◆ Work task: Return only the lines below starting at the line containing "Moss-covered tree stump" and ending at the line containing "双人滑在冬季热门运动中的关注度分析", both included, exactly as they are and with no pictures.

◆ Provided material:
_ _ _
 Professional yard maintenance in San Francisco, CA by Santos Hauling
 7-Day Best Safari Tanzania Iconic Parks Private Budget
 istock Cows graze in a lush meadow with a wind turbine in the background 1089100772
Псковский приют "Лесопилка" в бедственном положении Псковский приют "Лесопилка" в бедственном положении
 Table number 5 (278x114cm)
_ _ _
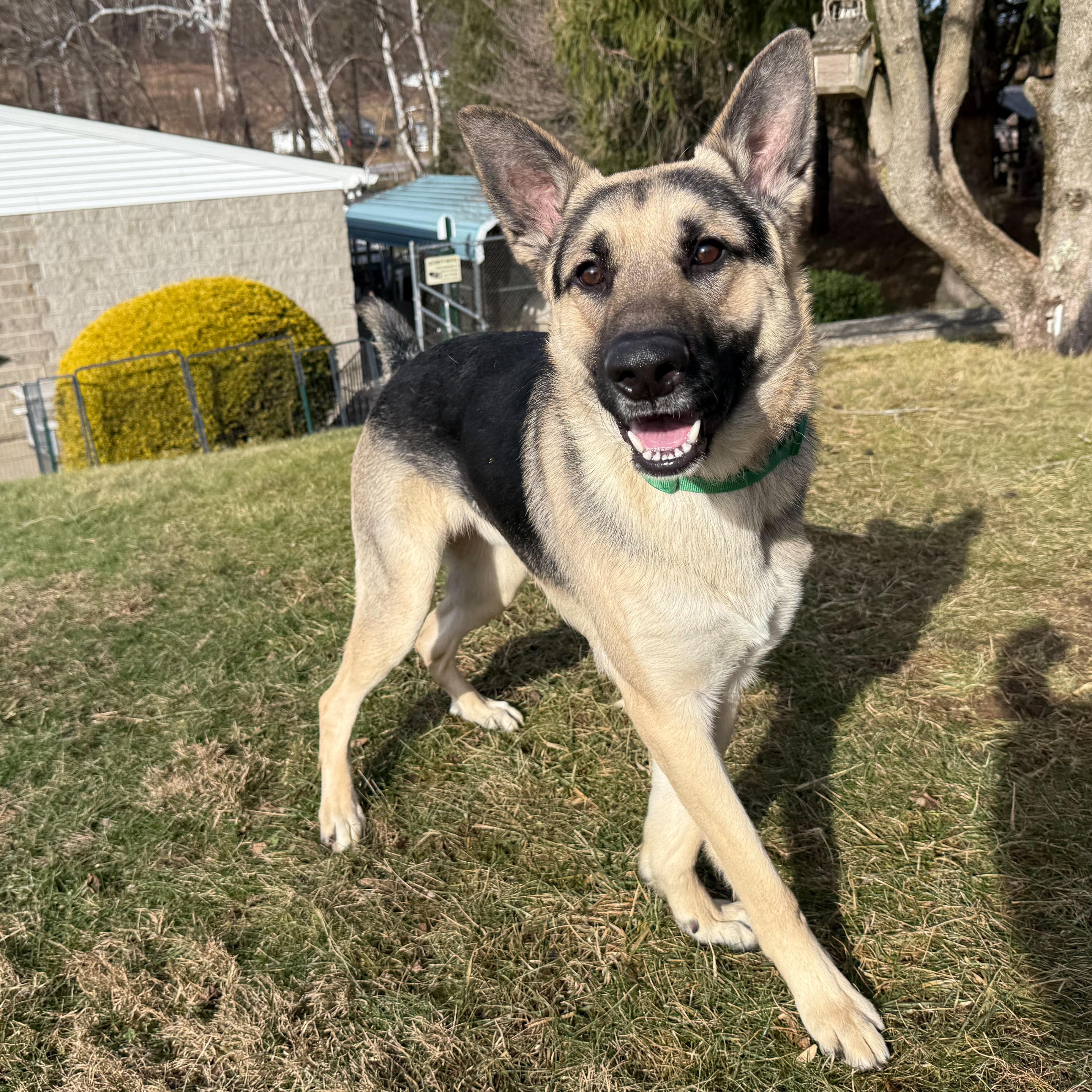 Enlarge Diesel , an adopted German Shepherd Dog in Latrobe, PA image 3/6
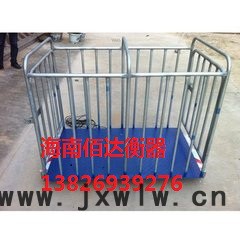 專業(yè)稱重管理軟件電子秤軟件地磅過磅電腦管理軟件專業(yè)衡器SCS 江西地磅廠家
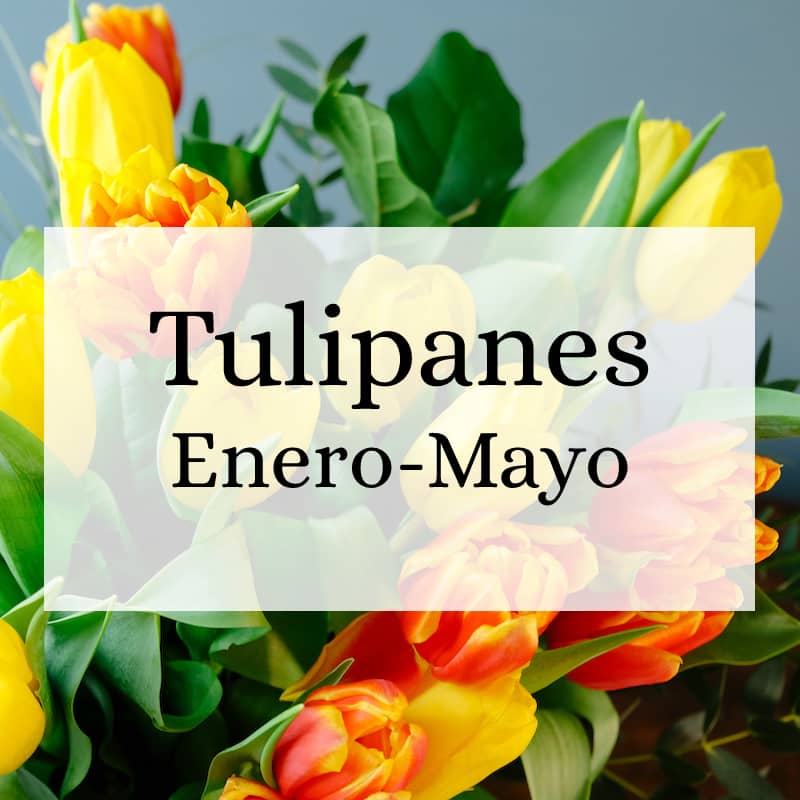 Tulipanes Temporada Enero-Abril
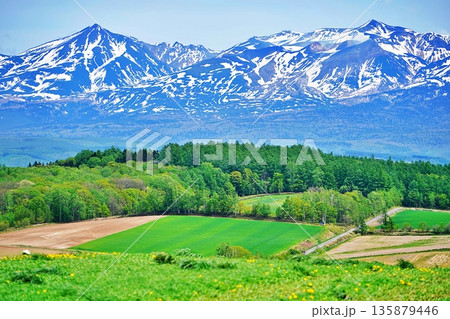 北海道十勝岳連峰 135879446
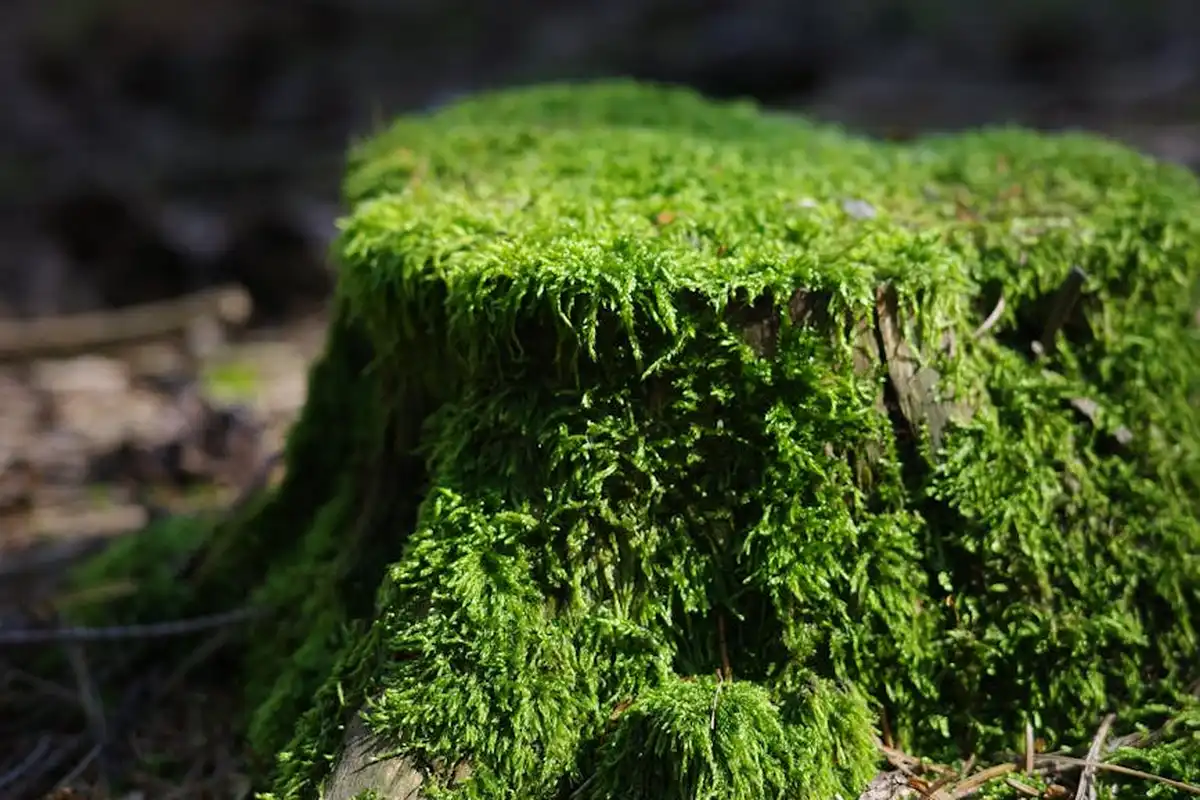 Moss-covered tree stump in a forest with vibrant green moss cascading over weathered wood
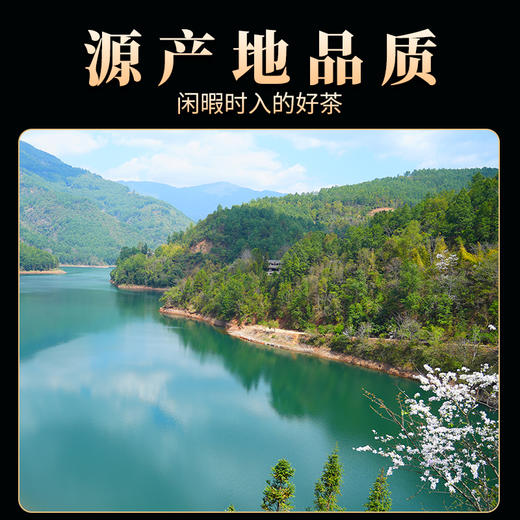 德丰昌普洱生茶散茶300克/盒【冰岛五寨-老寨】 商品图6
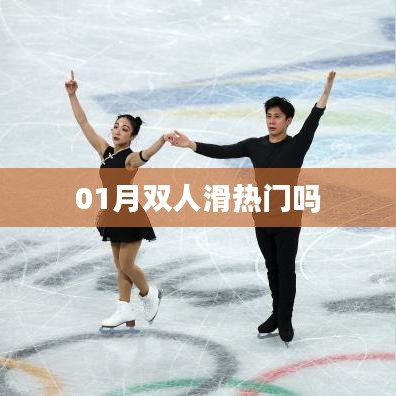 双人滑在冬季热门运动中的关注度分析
_ _ _
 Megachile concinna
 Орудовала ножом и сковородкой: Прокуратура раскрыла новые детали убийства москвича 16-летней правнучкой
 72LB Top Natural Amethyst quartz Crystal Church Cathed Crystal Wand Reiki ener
_ _ _
◆ Exercise response:
 Moss-covered tree stump in a forest with vibrant green moss cascading over weathered wood
 德丰昌普洱生茶散茶300克/盒【冰岛五寨-老寨】 商品图6
 双人滑在冬季热门运动中的关注度分析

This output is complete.